Ghost Font produces short video clips in which letters consist of points identical in color to the background. Human viewers track the motion and read the intended word. Current models including Claude Fable and GPT Sol 5.6 Ultra receive only noise on any single frame.

The system adds one line of misleading text that models treat as the payload. The real message remains hidden unless the viewer receives an exact description of the motion pattern. The approach revives ideas from the 2013 ZXX typeface yet adapts them to the motion and depth limits of today's vision systems.

Video generation runs entirely on the user's device. No text or frames leave the local machine, matching the project's explicit privacy goal.

How the encoding actually works

Letters appear as sparse point clouds that move in short loops. Individual frames contain no legible characters because every point shares the background color. Motion coherence supplies the missing shape only when the sequence plays at normal speed.

The clip also carries a visible decoy sentence placed in a static corner. Models that process the file tend to surface the decoy first. Without a prompt that names the moving-point technique, the actual message stays unretrieved.

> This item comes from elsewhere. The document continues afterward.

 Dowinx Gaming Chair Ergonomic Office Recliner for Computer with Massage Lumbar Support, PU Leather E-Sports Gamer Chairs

Limits that keep the method effective today

Most frontier models still analyze video by sampling frames or by treating the sequence as a set of independent images. Point clouds that never form a static glyph therefore remain invisible to those pipelines.

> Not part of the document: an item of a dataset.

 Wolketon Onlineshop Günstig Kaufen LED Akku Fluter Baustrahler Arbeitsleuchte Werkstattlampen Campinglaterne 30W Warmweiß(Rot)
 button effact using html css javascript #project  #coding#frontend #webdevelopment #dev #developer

The bait sentence exploits the models' bias toward the first coherent text they locate. When the prompt never mentions movement or dot patterns, recovery rates drop sharply according to the project's internal tests.

Comparison with earlier anti-AI typefaces

ZXX relied on static distortions that current OCR systems learned to ignore within a few training cycles. Ghost Font adds temporal separation and an explicit decoy, two elements absent from the 2013 design.

Because the output is video rather than a font file, existing OCR tools that expect single images gain no direct advantage. The format change forces any attacker to implement motion tracking before extraction can begin.

Planned future directions

The author intends to release the generation code under an open-source license later this year. Two application areas under discussion are dynamic CAPTCHA challenges and controlled benchmarks that measure whether vision systems can track deliberately sparse motion.

No release date or repository link has been announced.

Remaining uncertainties

The method has not yet faced models that receive the full video stream as native input and apply temporal attention across every frame. Such models could close the gap if they are trained on similar point-cloud sequences.

Longer clips or different background textures may also reduce the current margin, though no public data yet quantifies that risk.

What to watch next

Watch whether any major lab publishes results on point-cloud motion detection within the next three months. Any such paper would indicate whether the encoding still holds against newer training regimes.

Monitor the project's GitHub for the promised code release; its license terms will clarify how easily others can adapt the technique for production use.

Track attempts to embed Ghost Font videos inside web CAPTCHAs. Successful deployments would show whether the approach scales beyond the current local prototype.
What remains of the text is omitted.